For all the years since our conversion I have made a conscious effort to run away from all things Christmas. I did a good job of shutting down all memories of my childhood Christmas experience. I thought I had moved on and by stuffing them down I could ignore them. Since all our Christian relatives were dead it was pretty easy to ignore.
This year, however, I decided it would be ok to have a classical radio station playing while I did my housework - even if it did play Christmas music 3/4 of the time. The other day a simple guitar version with no lyrics of "Have Yourself a Merry Little Christmas" came on. For the first time ever since our conversion over a decade ago I sat still for those 3 or 4 minutes and allowed my mind to drift back to my childhood Christmas memories - all the simple little things that were good about the holiday. It was like a power point presentation in my mind - frame after frame of snapshots slowly fading into view. There was the plaster of Paris snowman, reindeer and Santa's sleigh my grandfather in Long Beach installed on his roof each year, the antique porcelain dolls that had been my parents from their own childhoods that we put on the tree, the stockings we had for our dogs, the jello mold my mother made each year, the Bing Crosby recording of White Christmas that was required listening for the weeks before Christmas. Dozens of little flashbacks.

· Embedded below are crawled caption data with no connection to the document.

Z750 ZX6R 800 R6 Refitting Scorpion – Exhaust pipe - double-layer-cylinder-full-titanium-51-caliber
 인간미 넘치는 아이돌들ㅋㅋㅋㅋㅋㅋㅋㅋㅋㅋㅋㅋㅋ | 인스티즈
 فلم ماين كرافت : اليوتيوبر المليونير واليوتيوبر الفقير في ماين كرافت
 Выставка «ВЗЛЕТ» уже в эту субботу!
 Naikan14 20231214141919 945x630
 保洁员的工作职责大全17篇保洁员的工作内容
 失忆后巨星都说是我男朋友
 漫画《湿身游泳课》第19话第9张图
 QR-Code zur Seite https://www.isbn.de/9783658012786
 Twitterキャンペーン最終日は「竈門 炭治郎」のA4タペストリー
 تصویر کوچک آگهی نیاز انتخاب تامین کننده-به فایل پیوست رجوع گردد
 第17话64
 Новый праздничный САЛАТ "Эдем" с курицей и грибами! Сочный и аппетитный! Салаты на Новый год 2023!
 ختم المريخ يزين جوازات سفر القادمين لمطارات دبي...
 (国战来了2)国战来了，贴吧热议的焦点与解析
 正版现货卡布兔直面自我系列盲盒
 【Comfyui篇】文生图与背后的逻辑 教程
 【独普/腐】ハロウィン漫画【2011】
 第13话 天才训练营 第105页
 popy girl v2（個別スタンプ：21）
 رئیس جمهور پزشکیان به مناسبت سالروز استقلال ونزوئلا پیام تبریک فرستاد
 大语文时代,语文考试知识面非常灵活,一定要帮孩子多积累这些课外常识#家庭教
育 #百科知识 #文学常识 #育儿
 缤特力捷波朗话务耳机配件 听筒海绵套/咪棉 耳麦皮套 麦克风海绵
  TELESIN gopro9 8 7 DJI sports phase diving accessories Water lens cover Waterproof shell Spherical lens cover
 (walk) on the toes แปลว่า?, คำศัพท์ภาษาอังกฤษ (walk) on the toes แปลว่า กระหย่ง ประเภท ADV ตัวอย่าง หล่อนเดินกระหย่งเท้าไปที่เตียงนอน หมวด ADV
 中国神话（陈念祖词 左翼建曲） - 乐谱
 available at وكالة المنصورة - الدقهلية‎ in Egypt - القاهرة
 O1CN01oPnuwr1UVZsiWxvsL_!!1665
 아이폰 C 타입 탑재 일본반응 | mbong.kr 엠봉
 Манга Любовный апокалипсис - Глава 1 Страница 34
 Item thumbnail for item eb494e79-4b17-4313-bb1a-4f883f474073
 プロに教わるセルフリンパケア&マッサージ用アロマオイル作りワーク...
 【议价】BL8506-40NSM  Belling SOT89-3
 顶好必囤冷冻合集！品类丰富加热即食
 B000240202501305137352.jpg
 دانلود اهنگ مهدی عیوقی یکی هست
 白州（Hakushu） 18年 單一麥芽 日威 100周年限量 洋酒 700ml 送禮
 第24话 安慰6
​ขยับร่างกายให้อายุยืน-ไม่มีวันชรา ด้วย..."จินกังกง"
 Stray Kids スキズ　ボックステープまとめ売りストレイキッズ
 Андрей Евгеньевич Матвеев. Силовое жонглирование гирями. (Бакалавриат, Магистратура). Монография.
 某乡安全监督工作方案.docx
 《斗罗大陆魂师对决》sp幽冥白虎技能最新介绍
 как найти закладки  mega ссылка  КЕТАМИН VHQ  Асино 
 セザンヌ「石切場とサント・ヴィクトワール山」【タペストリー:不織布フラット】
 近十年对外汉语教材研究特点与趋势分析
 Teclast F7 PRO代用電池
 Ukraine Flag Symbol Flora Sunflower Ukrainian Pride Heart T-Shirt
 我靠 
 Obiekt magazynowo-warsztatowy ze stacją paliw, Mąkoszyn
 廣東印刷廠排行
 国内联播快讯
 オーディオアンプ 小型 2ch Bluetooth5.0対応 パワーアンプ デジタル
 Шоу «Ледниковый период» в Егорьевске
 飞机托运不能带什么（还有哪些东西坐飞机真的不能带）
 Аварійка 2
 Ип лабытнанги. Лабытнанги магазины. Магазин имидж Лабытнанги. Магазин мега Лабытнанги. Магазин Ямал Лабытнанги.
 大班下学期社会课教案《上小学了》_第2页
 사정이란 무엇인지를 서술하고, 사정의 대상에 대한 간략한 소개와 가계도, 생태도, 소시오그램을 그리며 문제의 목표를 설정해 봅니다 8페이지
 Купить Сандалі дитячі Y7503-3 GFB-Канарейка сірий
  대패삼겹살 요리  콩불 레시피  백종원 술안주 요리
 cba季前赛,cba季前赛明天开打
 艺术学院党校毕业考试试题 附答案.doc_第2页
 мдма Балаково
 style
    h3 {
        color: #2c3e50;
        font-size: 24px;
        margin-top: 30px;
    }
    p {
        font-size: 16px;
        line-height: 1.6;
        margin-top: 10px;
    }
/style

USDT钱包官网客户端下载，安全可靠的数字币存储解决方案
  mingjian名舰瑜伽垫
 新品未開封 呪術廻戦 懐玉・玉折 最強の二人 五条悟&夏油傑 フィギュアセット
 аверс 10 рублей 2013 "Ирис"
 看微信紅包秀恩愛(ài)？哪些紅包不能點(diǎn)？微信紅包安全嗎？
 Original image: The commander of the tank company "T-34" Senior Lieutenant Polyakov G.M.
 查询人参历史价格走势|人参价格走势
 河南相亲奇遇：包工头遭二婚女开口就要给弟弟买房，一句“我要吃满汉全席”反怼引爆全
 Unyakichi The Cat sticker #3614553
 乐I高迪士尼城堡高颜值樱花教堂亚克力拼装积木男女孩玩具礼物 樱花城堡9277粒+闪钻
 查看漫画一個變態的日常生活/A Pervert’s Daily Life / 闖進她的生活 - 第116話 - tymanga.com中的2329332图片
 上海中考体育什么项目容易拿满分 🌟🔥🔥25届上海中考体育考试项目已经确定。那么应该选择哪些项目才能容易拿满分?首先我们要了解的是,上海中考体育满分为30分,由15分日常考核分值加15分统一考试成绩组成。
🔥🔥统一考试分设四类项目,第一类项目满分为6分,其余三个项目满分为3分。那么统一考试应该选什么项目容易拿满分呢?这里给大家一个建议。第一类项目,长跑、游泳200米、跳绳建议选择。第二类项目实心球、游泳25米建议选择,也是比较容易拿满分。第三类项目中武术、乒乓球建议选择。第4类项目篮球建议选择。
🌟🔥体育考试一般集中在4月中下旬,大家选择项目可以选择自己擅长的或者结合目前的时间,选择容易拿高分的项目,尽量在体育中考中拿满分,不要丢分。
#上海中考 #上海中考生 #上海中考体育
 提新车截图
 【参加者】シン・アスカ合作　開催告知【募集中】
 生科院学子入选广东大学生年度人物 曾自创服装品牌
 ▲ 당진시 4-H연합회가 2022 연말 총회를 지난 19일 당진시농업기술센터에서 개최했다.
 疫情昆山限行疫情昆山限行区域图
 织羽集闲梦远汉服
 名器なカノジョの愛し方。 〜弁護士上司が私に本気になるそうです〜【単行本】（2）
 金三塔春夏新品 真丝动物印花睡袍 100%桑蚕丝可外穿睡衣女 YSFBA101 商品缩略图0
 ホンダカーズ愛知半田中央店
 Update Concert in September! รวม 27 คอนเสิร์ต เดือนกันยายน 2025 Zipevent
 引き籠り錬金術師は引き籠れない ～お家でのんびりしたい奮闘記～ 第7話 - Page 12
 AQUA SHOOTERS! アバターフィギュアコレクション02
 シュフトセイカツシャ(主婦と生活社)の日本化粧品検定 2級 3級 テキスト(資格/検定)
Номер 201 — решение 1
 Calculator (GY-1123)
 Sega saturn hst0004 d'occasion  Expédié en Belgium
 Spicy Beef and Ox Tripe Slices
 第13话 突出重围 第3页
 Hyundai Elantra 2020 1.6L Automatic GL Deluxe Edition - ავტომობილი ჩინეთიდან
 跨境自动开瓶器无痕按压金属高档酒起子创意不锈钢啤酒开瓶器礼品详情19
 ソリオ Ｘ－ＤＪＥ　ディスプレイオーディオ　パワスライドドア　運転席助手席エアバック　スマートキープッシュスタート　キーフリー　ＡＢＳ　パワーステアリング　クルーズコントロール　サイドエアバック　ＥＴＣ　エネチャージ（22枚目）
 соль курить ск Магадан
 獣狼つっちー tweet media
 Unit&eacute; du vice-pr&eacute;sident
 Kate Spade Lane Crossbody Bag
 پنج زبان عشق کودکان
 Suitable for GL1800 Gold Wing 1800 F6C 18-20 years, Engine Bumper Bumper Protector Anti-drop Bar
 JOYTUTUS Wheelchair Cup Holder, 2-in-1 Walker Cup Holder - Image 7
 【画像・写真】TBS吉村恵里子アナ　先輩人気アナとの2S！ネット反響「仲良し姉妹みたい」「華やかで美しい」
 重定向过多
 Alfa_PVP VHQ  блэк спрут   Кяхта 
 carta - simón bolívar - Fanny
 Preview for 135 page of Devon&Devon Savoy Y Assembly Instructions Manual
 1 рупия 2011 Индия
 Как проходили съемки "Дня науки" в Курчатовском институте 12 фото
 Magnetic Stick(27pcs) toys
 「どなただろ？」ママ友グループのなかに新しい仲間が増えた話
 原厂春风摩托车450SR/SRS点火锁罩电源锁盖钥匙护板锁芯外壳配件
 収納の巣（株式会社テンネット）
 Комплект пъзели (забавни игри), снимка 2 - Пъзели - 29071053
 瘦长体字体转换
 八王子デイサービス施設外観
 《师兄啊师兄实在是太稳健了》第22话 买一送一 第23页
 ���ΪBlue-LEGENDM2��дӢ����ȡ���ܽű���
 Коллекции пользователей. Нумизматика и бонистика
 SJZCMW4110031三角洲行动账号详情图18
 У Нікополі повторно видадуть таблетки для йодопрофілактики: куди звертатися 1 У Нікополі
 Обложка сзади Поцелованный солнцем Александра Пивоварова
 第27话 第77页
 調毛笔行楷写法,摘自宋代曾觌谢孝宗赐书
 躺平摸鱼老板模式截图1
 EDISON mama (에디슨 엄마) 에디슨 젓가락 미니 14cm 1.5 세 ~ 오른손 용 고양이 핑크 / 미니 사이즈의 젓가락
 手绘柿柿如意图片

Tears poured down my cheeks and it felt quite cathartic to think about. This quiet little solitary trip into my Christian past was not about religion - but about family connections, traditions, sights/smells/tastes that recurred year after year. have created these same memories for my own Jewish children - wonderful Jewish holiday memories. Just as I remember squirming in my seat during Midnight Mass and long Easter services in my childhood Lutheran Church, my own kids will remember long days at Shul during High Holy Days. They will also remember lighting the menorahs, Seders with friends, our annual Christmas eve Chinese feast and movie with our chavurah and much, much more. I think every year at Christmas I am going to set aside 5 or 10 minutes to be alone and think about my childhood Christmases and allow myself a good cry. Tears of joy, happiness, loss, sadness. I don't really miss Christmas. I miss the people, now all gone, I used to spend it with. Then I will spend the rest of the holiday building closer ties with my Jewish friends and thinking about how to make all the Jewish holidays more memorable for my own children.